Your objective —
Required from the data below: the exact lines starting at the line containing "Everything I Know" and ending at the line containing "The Most Important", with both ends kept and all pictures dropped.

(Provided data)

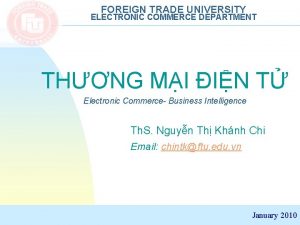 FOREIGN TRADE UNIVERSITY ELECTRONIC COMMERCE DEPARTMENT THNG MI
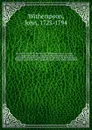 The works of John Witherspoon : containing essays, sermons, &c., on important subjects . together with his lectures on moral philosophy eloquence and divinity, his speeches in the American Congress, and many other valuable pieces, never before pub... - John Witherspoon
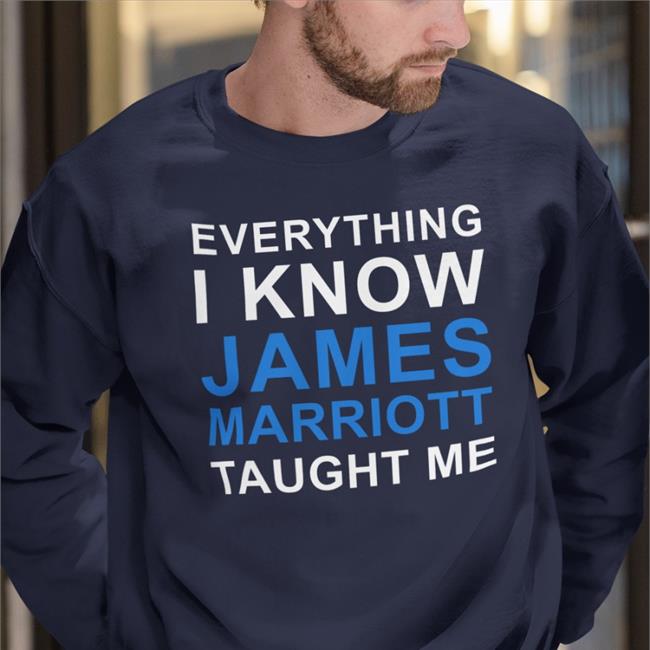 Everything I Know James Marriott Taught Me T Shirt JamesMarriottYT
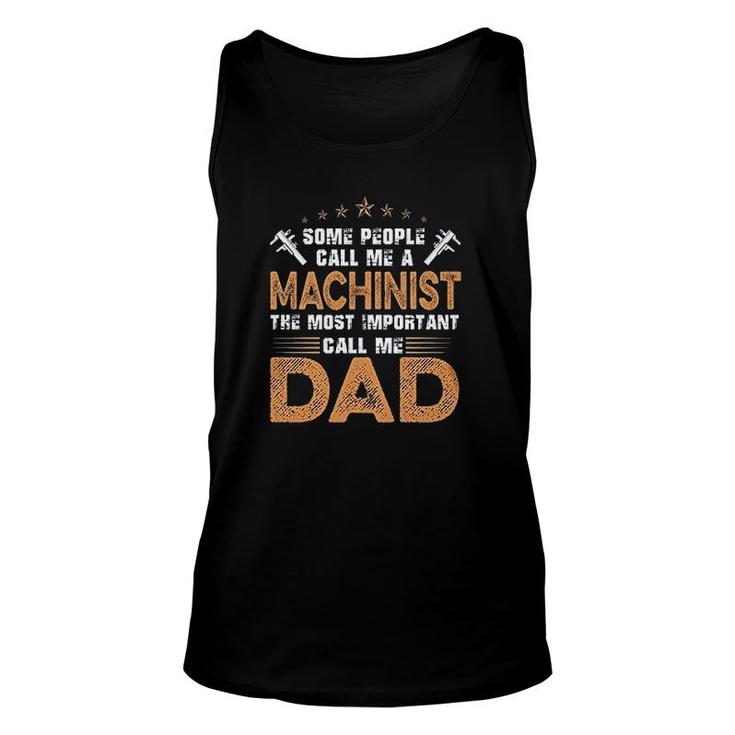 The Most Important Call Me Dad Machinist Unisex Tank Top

(End Provided data)
(Provided data)

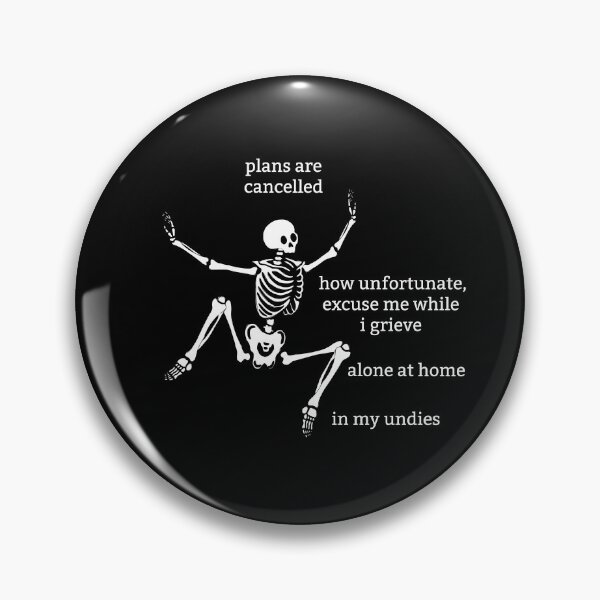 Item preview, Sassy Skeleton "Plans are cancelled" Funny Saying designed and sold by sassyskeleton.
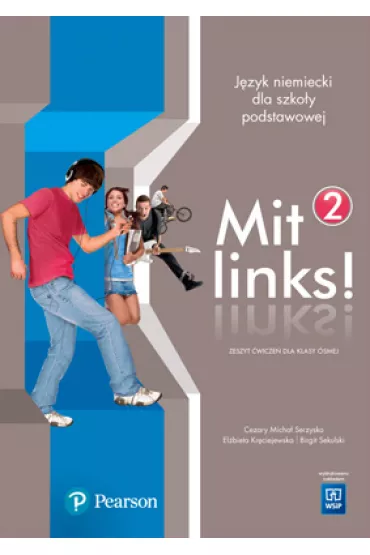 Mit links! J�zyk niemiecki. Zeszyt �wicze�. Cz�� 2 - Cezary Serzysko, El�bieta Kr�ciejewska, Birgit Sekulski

(End Provided data)

Task answer —
 Everything I Know James Marriott Taught Me T Shirt JamesMarriottYT
 The Most Important Call Me Dad Machinist Unisex Tank Top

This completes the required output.